Transcript

Mashengu wa Mwachofi former parliamentarian, Kenya

By becoming a British colony, you actually became a property, both the country and the people. And, if you look at history, the natives were not recognized as human beings. So, all of you are total property of the Empire. In the particular district I come from, the natives refused to work on those plantations. And if they did come to work, they would come on their own time. Sometimes, they would not come. So, that is why you introduce labor laws through the “ kipande system.” Thekipande system is a system of registration, where every male, the moment you turn 16 you have to have a labor record, and that is the one that is used for ensuring that all male laborers would work, and that is why the colonial labor laws really were slave laws.

Miriam Campos Ministry of Indigenous People, Bolivia In fact, now in the 21st century, we still have families that are captive. We call them “captive” or “retained” but in fact they are slaves. This is the real world. They are slaves, because they do not receive any pay for their work. They have debts that they transfer from generation to generation. They cannot even leave the farms because they are indebted to their bosses. And it is not only individuals but whole families. The children work. They do not go to school because they have to work. Work in exchange for what? Nothing, only food.

Narrator

Having had their natural economy destroyed forced the people to work for their new masters. It is estimated that today 60 to 80 million people still live in slave-like conditions all over the world. They work sometimes with their families in rural areas on plantations and in mines, as well as in cities in exchange for food and shelter.

Maria Luisa Mendonça Rede Social President, Brazil

Sao Paulo is the largest state that produces ethanol in Brazil and at the same time it is the richest state. And, just to give you an example, last year 17 workers died in the space where they work—they died of exhaustion. Another 419 workers have died in consequence of their work, in addition to several cases of slave labor in the sugar cane workers that the Ministry of Labor has registered.

Jaime de Amorim Coordinator, Landless People Movement, Brazil

The grower sees the worker as a slave. They have not rebelled, so today growers have a much easier way to accumulate wealth than during slavery. Back then, the boss was the slave’s owner. He had to take care of the slave’s health and food; he had to take care of shelter even if it was the slave’s quarters. Today the boss has no such concerns. He just has to drive the truck to the outskirts of the city; the truck loads up, he takes them back. No more worries. Once the cutting is done, the worker, who lives on the outskirts, has to find another way of surviving, selling popsicles or popcorn. Kids go into prostitution, into drugs; they go find other alternatives in the world of crime.

Cane Cutters Pernambuco State , Brazil (15:00 )

Antonio: We were given a lot of promises before we came here. We would be given everything we need: bottles, boots—a complete set. But when we got here we did not find anything. We have to wake up at 1 a.m. without even a fire. There are only four fire burners for 80 people to cook with. We need to wake up at 1 a.m. to fix breakfast; if not, we do not have breakfast.

Edinaldo: The water we use has rust in it. We take a bath today, tomorrow we are sick.

Antonio: The equipment came bit by bit. The hat first, then came the boots and even now, some work barefoot because they did not get the equipment.

Edinaldo: I have been working here for four months. They took my work permit and did not return it to me. I talked to a lot of managers who kept lying to me, without returning my permit.

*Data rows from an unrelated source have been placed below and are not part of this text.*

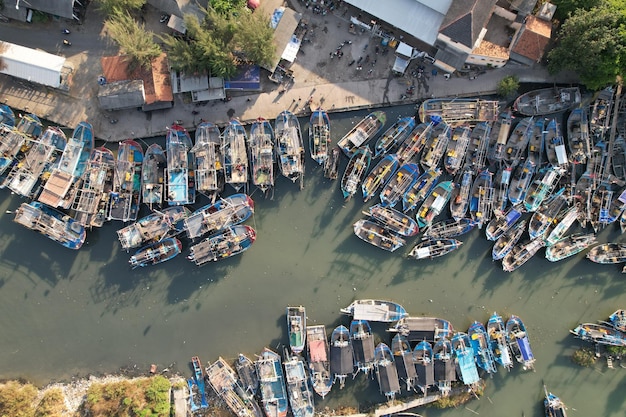 Vista aerea di barche da pesca ancorate al porto fluviale vicino al mare Pantai Widuri Indonesia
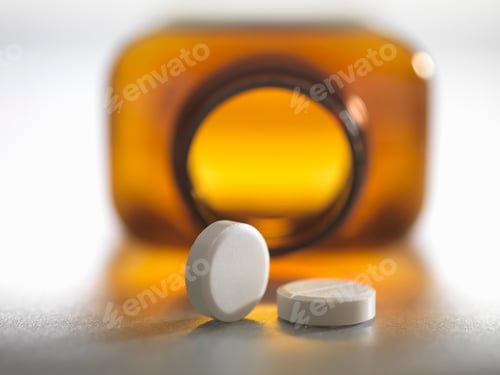 Preview: Pain killers pouring from brown medicine bottle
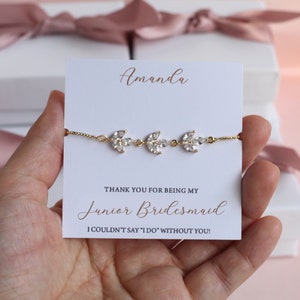 May include: A white card with the text "Amanda" at the top, followed by "THANK YOU FOR BEING MY Junior Bridesmaid I COULDN'T SAY 'I DO' WITHOUT YOU!"  A gold bracelet with three crystal leaf charms is displayed on the card.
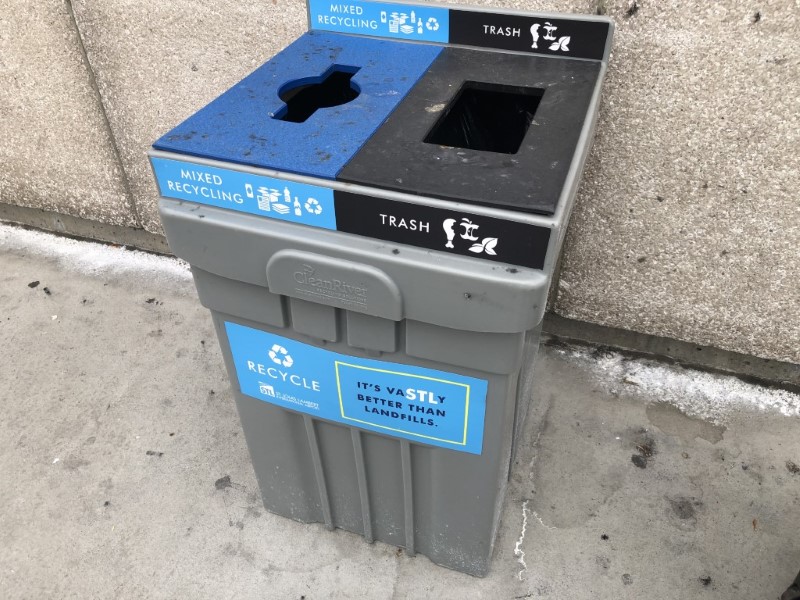 Sign on an airport recycling bin.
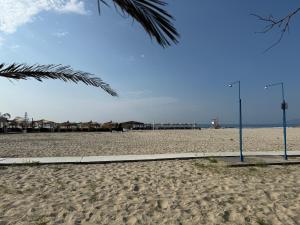 a sandy beach with two street lights on it at Villa Maria in Mángana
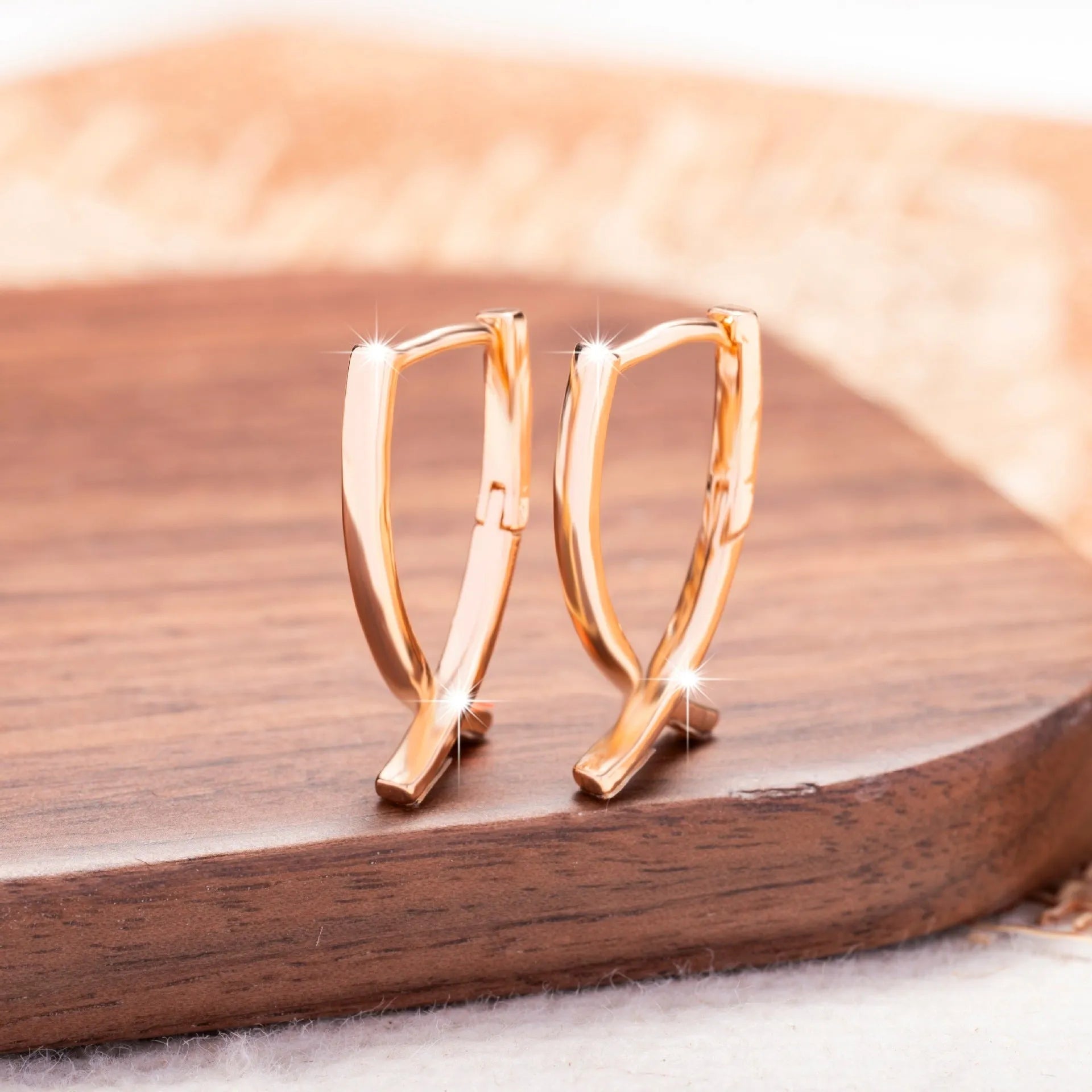 A pair of rose gold cross shaped earrings made from copper on a plain background.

Antonio: By the time we get here it is 3:30 a.m.; some get here at 4:00 but usually we arrive from our sheds at 2:30 or 3.

Edinaldo: To get a daily wage, we need to cut 40 bundles, or 32 when the cane is as hard as this. If we do not do it, we do not get paid.

Antonio: We make 12 Reais and 34 cents per day [$6.50].

Edinaldo: They do not pay us well here. They pay us but rob us of half.

Antonio: What we eat is cornmeal, the meal of the poor; sometimes a cookie, when we bring one, buy one, and beans.

Edinaldo: I have 6 children. What I make here, if I eat it all, I go home with nothing.

Antonio: The problem is as follows: whoever gets land, gets a home. This time code has been inserted in the transcript every fifteen minutes (approximately) to allow readers to find segments on the DVD.